We have initial data from the Lucy mission, and its Sunday flyby of asteroid (52246) Donaldjohanson. We knew it was an elongated asteroid beforehand, and it turns out imagery confirms this (rather than, say, a close binary system, or something else completely).

Ground telescopes could tell something was unusual; the lightcurve of Donaldjohanson has strong peaks and valleys. Traditionally, this means the body appears to brighten and dim, as it turns from side-on to the Sun, to end-on, and back. (We’re guessing it’s not because bodies have brighter and darker faces, like Saturn’s satellite Iapetus.) We can now see from Lucy images that Donaldjohanson has two lobes, joined together. Previous bilobate objects include numerous comets, and the Kuiper-Belt Object (486958) Arrokoth. The ‘neck’ of Donaldjohanson appears filled in with regolith, like 67P/Churyumov-Gerasimenko, or possibly (25143) Itokawa. All in all, Donaldjohanson most resembles the ‘bowling pin’ comet 19P/Borrelly.

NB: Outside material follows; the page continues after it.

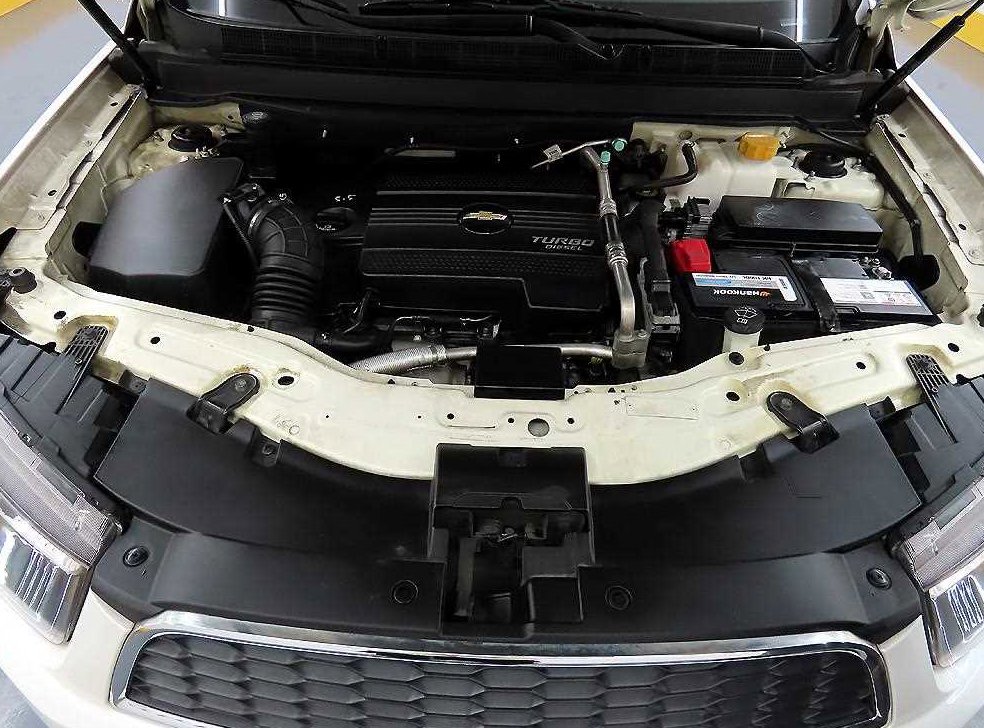 쉐보레 캡티바 2.2 4WD LT 사진 19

Asteroid Donaldjohanson is in the C-complex of asteroid classifications. Given that C-asteroids are organic-rich, water-rich, and likely related to comets, every single one we visit fills us in on the origins of water and life. Lucy’s future targets- the Trojan asteroids near Jupiter- orbit in a cooler region of the Solar System, and beyond the ‘snow line.’ This is the distance from the Sun at which water ice will be stable, instead of sublimating. If the trojans are truly primordial (as old as the Solar System itself, and not captured from elsewhere), they, too, will be puzzle pieces to the history of the Solar System and life itself.